Nous ne cherchons pas des solutions uniquement pour lutter contre le changement climatique. Depuis 49 ans — depuis le premier choc pétrolier — le monde s'efforce de trouver des solutions énergétiques alternatives. Après des efforts de recherche dans un premier temps, puis des subventions de toutes sortes et enfin des obligations de production pour les énergies renouvelables, celles-ci n'ont pris en charge qu'une partie de la croissance de la demande. De plus, si l'on considère les énergies renouvelables tolérées (c'est-à-dire hors bois et hydraulique), elles ne représentent aujourd'hui que 3 % du bilan énergétique. Quel est votre degré d'optimisme ? Allons-nous doubler ? Tripler ? Imaginons même un quadruplement — ce que je ne vois pas du tout arriver — cela ne représentera que 12 % du bilan d'une consommation en forte croissance.

Retournez le problème comme vous voulez, les émissions mondiales de CO₂ augmenteront. Le Canada est aussi une terre d'émigration et d'emplois, et les plans de Trudeau, comme ceux de ses prédécesseurs, n'y feront rien.

Les pays du G7 ont réussi à assurer leur croissance économique tout en réduisant leurs émissions. Mais le commissaire à l'environnement du Canada affirme que le pays a du mal à tenir ces objectifs et à redresser la courbe. Parmi les pays du G20, le Canada n'est devancé que par l'Arabie saoudite pour ce qui est des émissions par habitant. Le Canada a-t-il les moyens de changer cette situation ? Quelles solutions Justin Trudeau devraient appliquer pour suivre un chemin plus vertueux et pour tenir ses engagements ?
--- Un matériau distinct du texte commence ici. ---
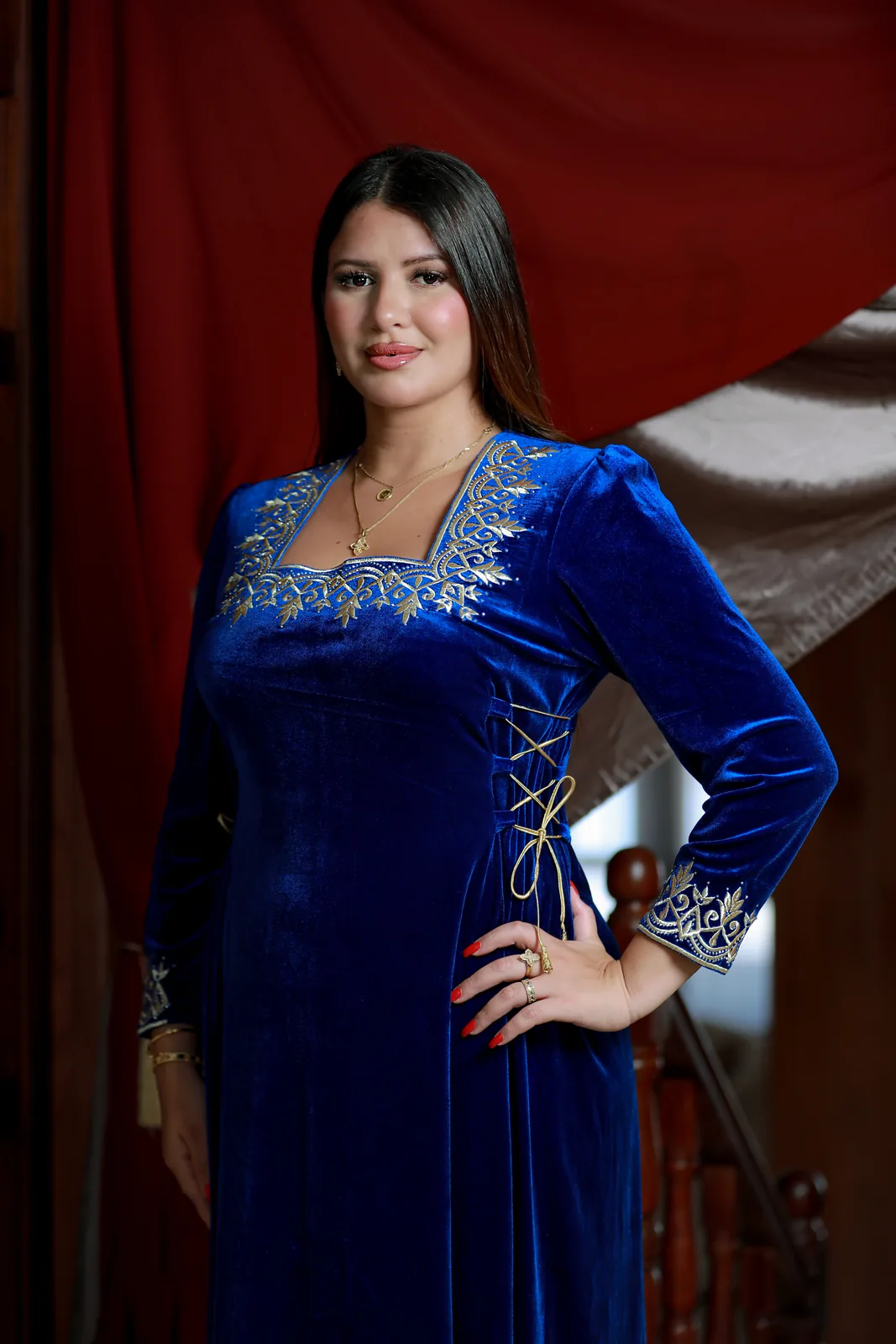 جبة قطيفة Royal Blue كود 35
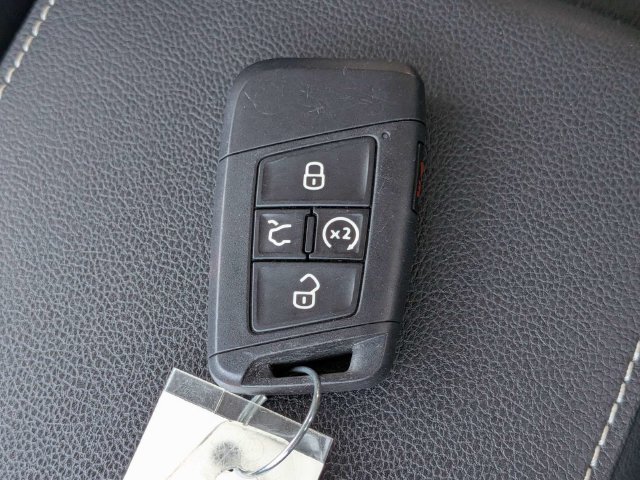 Certified 2023 Volkswagen Tiguan SE w/ Panoramic Sunroof Package FWD image 30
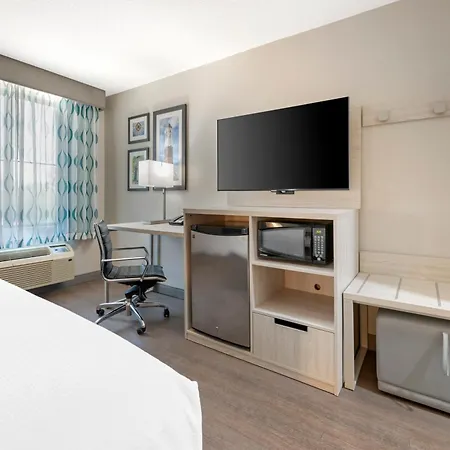 Best Western Plus Lafayette Hotel University Area-3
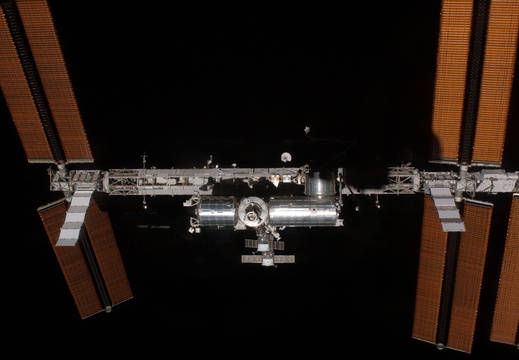 STS124-E-09932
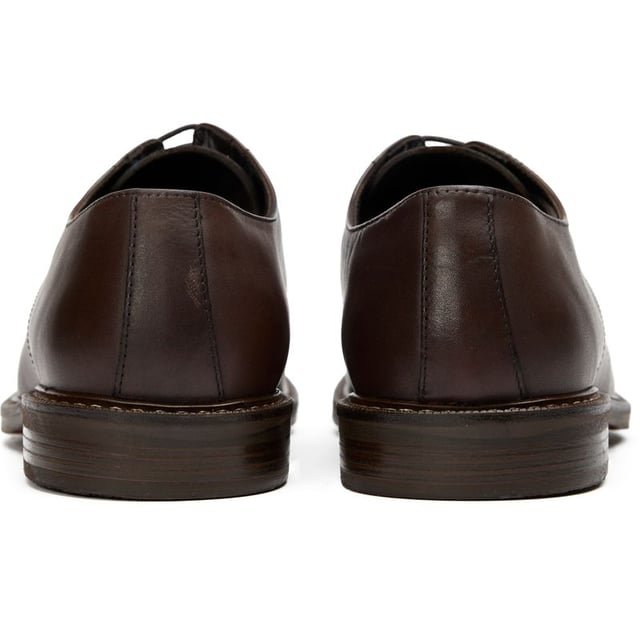 Zapatos derby daren para hombre de Soletrader, color marrón, fabricados en piel y suela sintética.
Prendre un seul paramètre pour comparer les performances énergétiques d’un pays est une erreur d’énergéticien débutant. Le Canada n'a pas réussi à réduire ces émissions notamment parce que depuis 1990 la population a augmenté de 37 %. Le Canada accepte actuellement 400 000 immigrants chaque année.  Plus de gens qui doivent vivre et travailler occasionne plus de demande d’énergie. Les objectifs climatiques proclamés par Justin Trudeau ne pourront donc jamais être atteints, malgré les mesures extrêmes et destructrices pour l'industrie actuellement imposées.

Ensuite le Canada est le second pays plus froid au monde et on ne chauffe pas les maisons avec des éoliennes et panneaux solaires photovoltaïques. Il faut donc bien utiliser des énergies fossiles pour survivre au froid. Sa densité de population extrêmement basse (4 habitant par km2) le pénalise évidemment. Du fait de la météorologie et de la densité de population, la comparaison devrait se faire par rapport à la Russie et là le Canada serait bien mieux classé.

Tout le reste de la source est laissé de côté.